What to work on:
Each line below is to be copied exactly; images do not go into the copy.

The data:

-.-.-

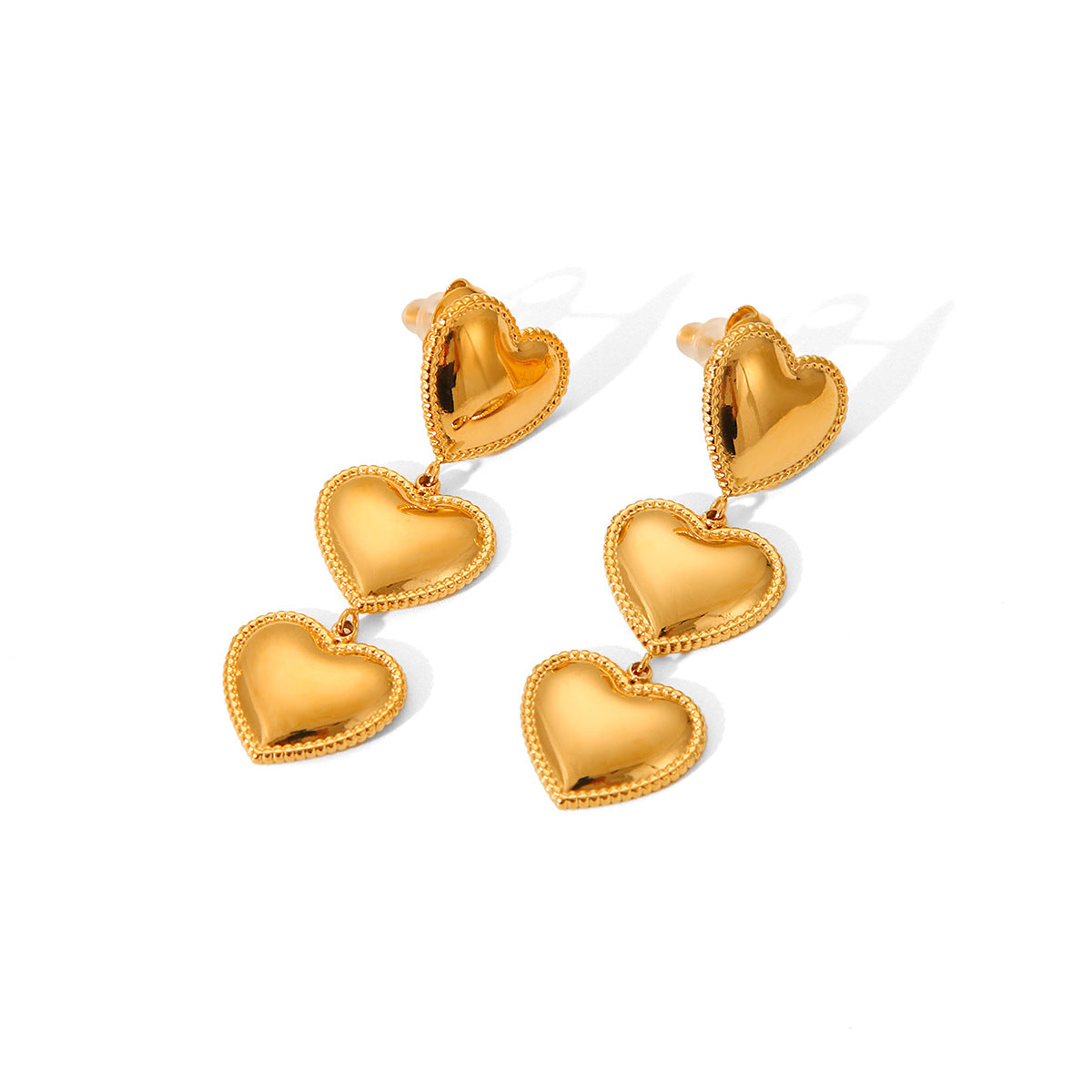 Minimalist Heart-Shaped Titanium Steel Earrings with 18K Gold Plating and Fringe Detail for Women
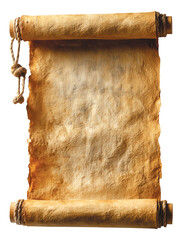 An old parchment scroll with the edges ripped by the passing of time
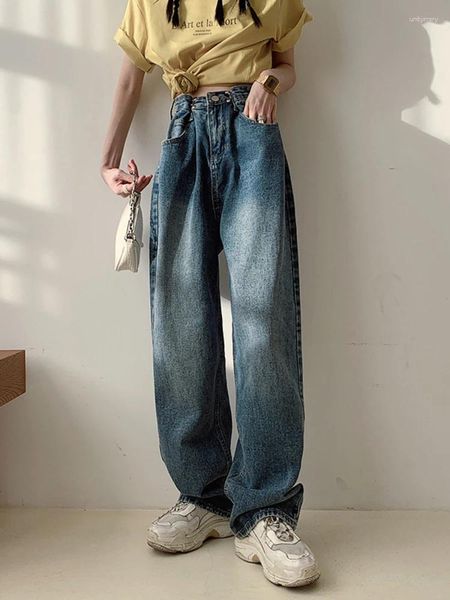 Jeans para mujeres Pantalones de carga para mujeres Autumer Casual Perdida de la cintura alta de la cabeza del mezclilla Harajuku Harajuku Vintage Straight Y2K Korean Pantalones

-.-.-

Problem solution:
 Minimalist Heart-Shaped Titanium Steel Earrings with 18K Gold Plating and Fringe Detail for Women
 An old parchment scroll with the edges ripped by the passing of time
 Jeans para mujeres Pantalones de carga para mujeres Autumer Casual Perdida de la cintura alta de la cabeza del mezclilla Harajuku Harajuku Vintage Straight Y2K Korean Pantalones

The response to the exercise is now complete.